Ben her zaman başıma gelen her sıkıntıda şunu düşünmüşümdür. Mavi Marmara’da İsrail’de cezaevine girdiğimizde ben bu musibetlerin bizi temizlediğine inanırım. Hatalarımızı, günahlarımızı temizlediğine inanırım. Onun için aman niye girdik böyle bir şey yok. Aliya İzzetbegovic 15-16 yaşında cezaevine neden girdiyse, Mısır’daki insanlar, Gazze’deki gençler canını veriyorsa, Furkan Doğanlar nasıl canlarını verdiyse biz de canımızı veremesek de Allah bize nasip etmese de karınca misali devam.

Bu topraklarda 28 Şubat ve benzerleri biter mi?

Bu coğrafyanın her şeyden önce bir misyonu var. Osmanlı’nın bakiyesi, tarihte öyle yol kenarına giderken bırakabileceğin bir çanta değildir. Tarih sizi hep takip eder, peşinizden gelir. Osmanlı ümmetin gök kubbesiydi. Türkiye bir umuttur. İlk kez bir Müslüman ülke ekonomik olarak özgürleşti Erdoğan hükümetiyle. Bölgesel güç haline geldi. Küresel güç olma yolunda.

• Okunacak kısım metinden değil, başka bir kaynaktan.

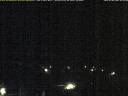 Vorschaubild von 04.07.2025 01:41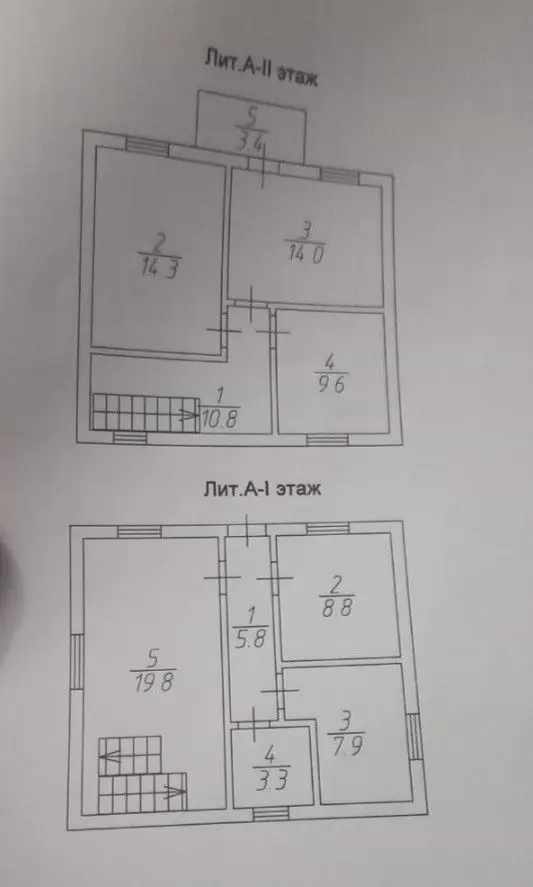 Фото недвижимости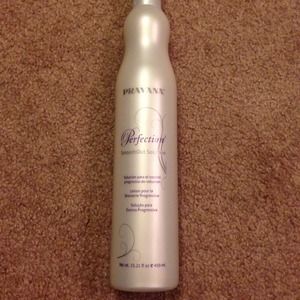 Pravana Perfection Smooth Out Keratin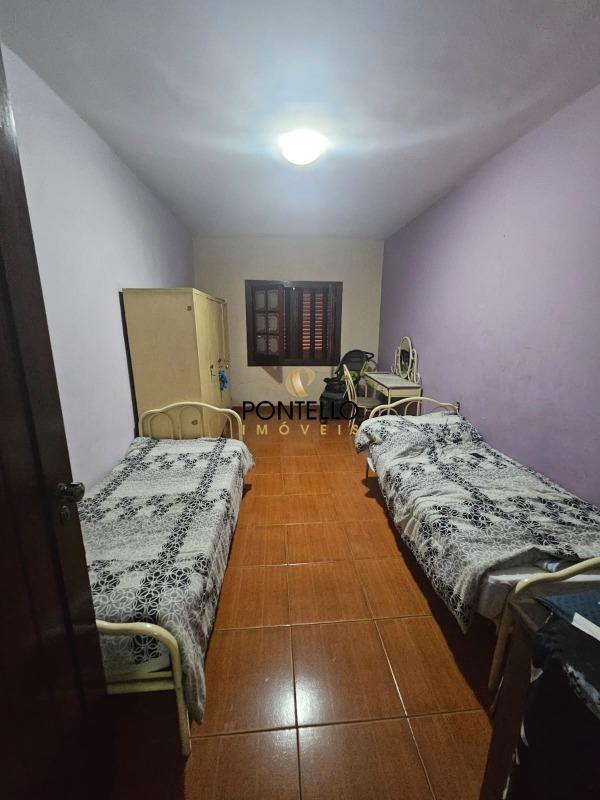 Casa, 4 quartos, 310 m² - Foto 13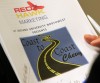 IUN students put marketing strategy to work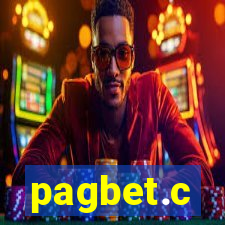 pagbet.c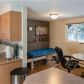 1310 Chance Court, Anchorage, AK 99501 ID:13764514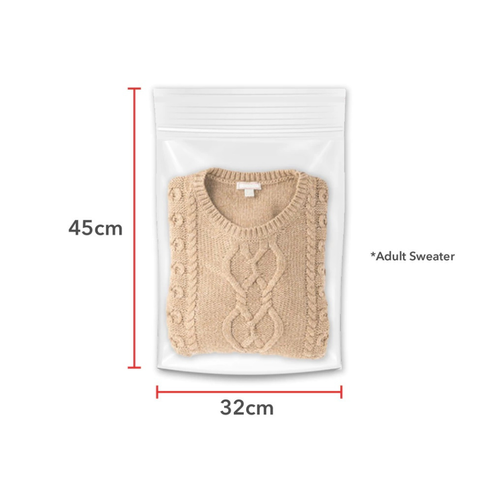 image_B47C7DD0-AA8B-4414-93C7-828F7FD99ECF_1752486056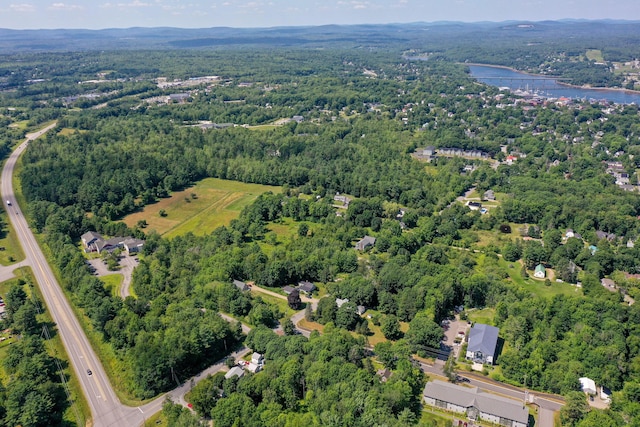 LOT5 School St, Belfast, ME 04915 - photo 5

Tabi bundan rahatsız olundu. Bugün bundan rahatsız olanlar terörü başımıza bela ettiler. Biz ne zaman yürümeye adım atmaya başladığımız andan itibaren rahatsızlık duyulacak. 28 Şubat ve 15 Temmuz’un farkı yok dedik ya. 2’si de Türkiye’ye düşman. Eğer bu coğrafya da yaşıyorsanız böyle bir tarihiniz varsa eğer ümmete umutsanız. Düşmanlarınız uyumaz.

Bölgesel güç olmaktan vazgeçersek bunlar durur mu?

Böyle bir şey yok. Bundan vazgeçemeyiz ve vazgeçemeyiz. Tarih size böyle bir misyon yüklemiş. Bu bizim genlerimizde olan bir şey. Bizim dedelerimiz Patani’den Açe’ye kadar gitmişler. Böyle bir tarihin çocuğu olarak böyle bir şeyden vazgeçme diye bir şey yok.

Ben vazgeçtim sıkıntı yaşamak istemiyorum. O zaman bu sorunlar biter mi?

Şunu diyelim Türkiye’ye düşman olan çevreler olur. Türkiye ne halde olursa olsun.

Düşsek de mi vururlar?

Tabii ki Endülüs’ün intikamını kaç sene sonra aldılar. İstanbul 1453’te fetih edildi. İstanbul’un rövanşını almak isteyenler yok mu zannediyorsun? Türkiye en kötü haliyle bile olsa ümmet için umuttur. Ben İslam ülkelerine gidince öyle diyorlar. Biz zaten bitmişiz. En azından Türkiye ayakta kalsın. Türkiye ayakta kaldıkça bizim umudumuz ayakta kalır diyorlar. Türkiye’de hiçbir zaman tehlike bitmez. Ama şu demekte değil. Sürekli tedirginle yaşamak değil . Normal hayatımızı devam ettireceğiz. Güçlü Türkiye güçlü ümmet demektir. Ümmete, mazlumlara hizmet etmek istiyorsak ülkemizin daha da güçlenmesi için elimizden geleni yapacağız.